Problem statement:
Leaving out the pictures, retype exactly the lines from the one holding "journey in the dark" through the end of the material.

Source material:
[Start of section]
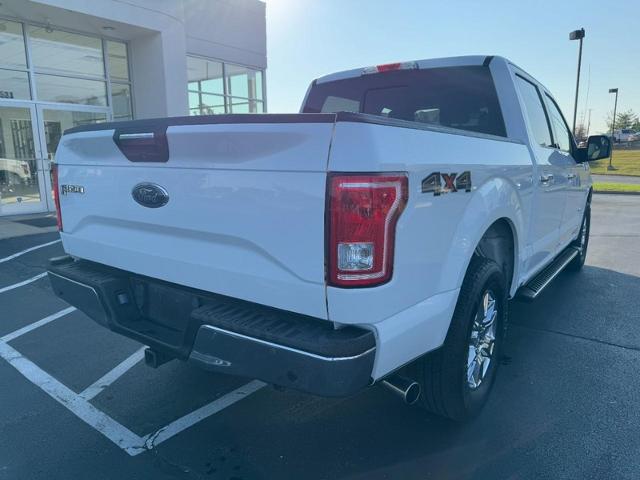 2017 Ford F-150 XLT photo 3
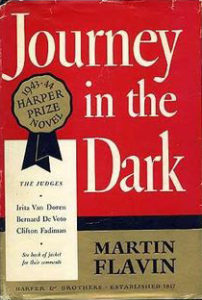 journey in the dark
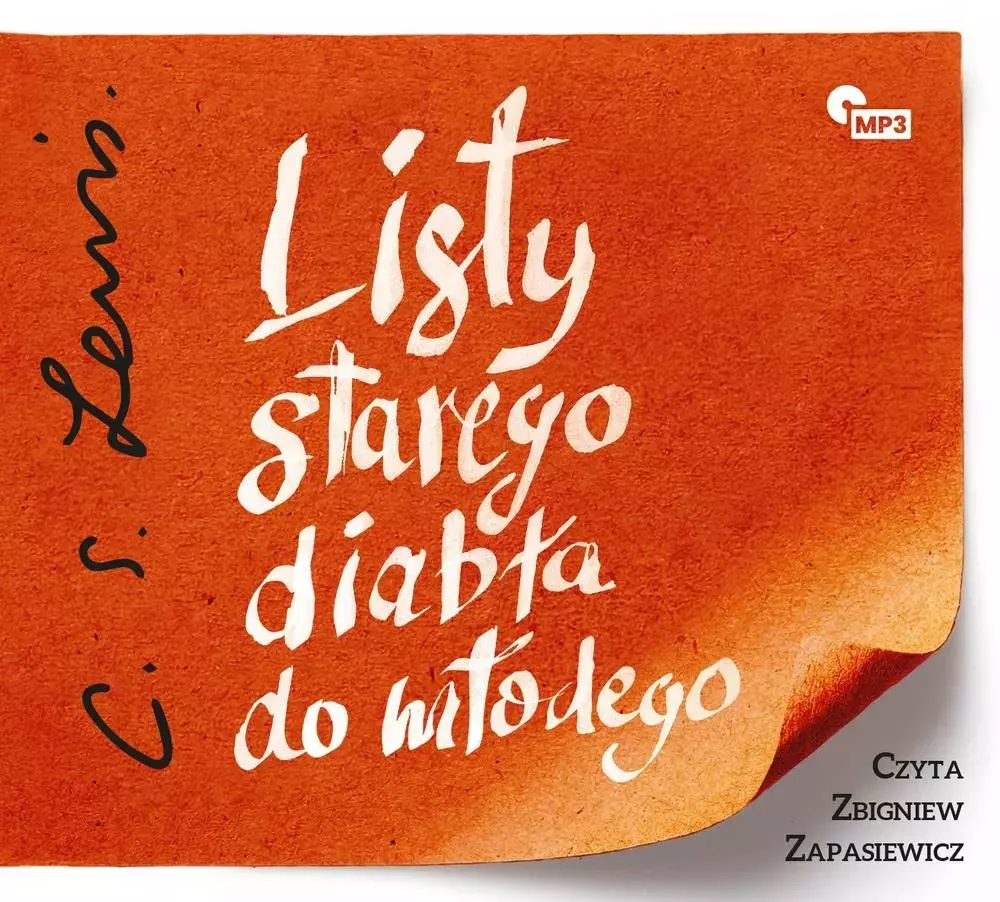 Listy starego diabła do młodego. Audiobook - Audiobooki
[End of section]
Response to the exercise:
 journey in the dark
 Listy starego diabła do młodego. Audiobook - Audiobooki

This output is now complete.